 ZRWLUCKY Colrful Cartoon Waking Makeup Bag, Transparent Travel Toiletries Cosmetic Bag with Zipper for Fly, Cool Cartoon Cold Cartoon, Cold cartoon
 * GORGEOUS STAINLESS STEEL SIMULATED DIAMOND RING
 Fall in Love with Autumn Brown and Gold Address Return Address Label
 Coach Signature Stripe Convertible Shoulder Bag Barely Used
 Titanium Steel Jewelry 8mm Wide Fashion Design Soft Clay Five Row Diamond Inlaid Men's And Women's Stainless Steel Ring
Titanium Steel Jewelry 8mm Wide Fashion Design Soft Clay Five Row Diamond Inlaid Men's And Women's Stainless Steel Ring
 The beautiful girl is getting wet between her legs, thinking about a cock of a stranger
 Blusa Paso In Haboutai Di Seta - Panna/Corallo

--

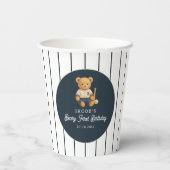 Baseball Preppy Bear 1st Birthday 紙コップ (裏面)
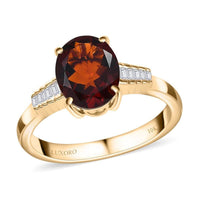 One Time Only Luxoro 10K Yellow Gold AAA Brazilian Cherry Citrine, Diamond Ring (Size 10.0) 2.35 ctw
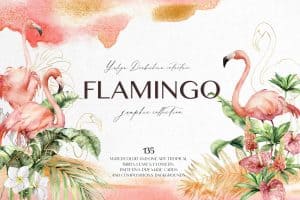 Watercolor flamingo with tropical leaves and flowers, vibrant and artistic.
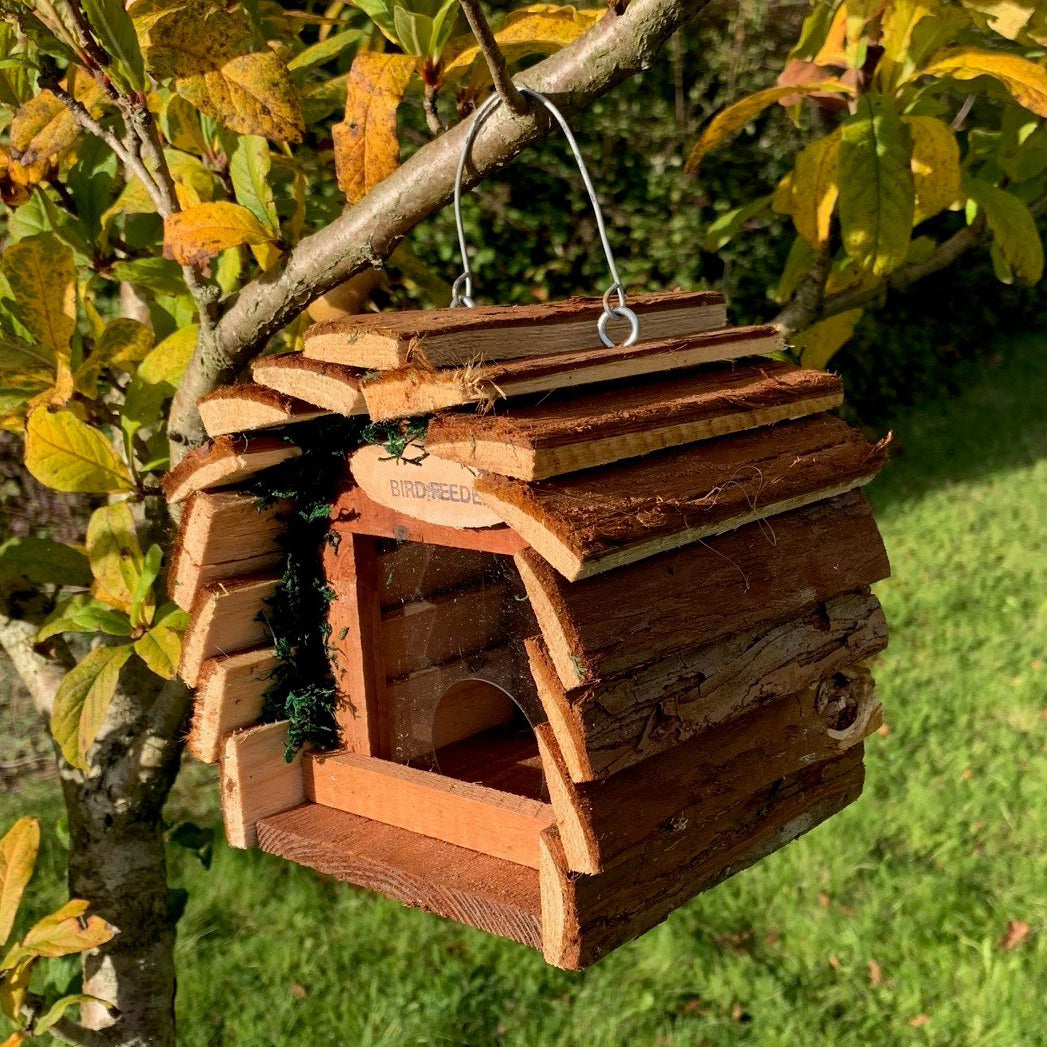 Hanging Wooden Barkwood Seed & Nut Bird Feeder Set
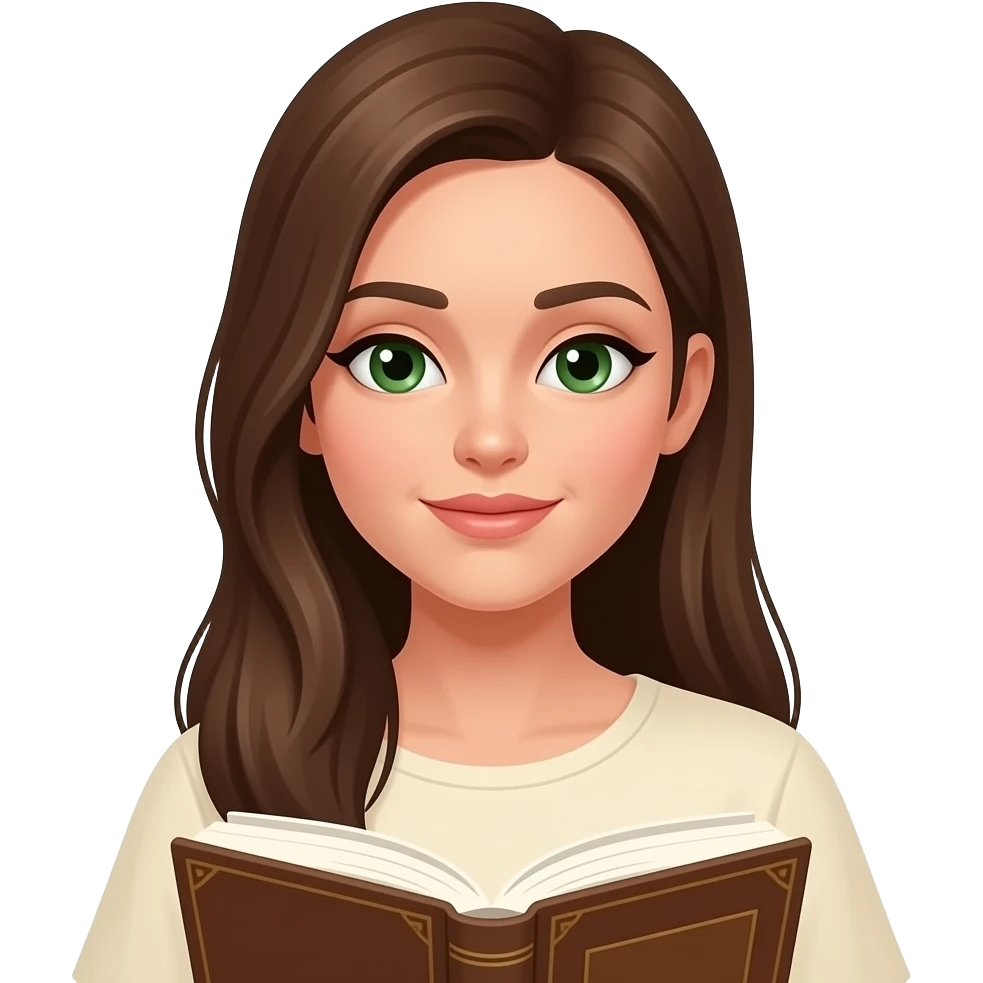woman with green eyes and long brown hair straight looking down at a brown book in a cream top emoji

▸ **Aim of the task**: Only a number is wanted here: how many lines of the records above hold the word "Women".

▸ **Result for this exercise**: 2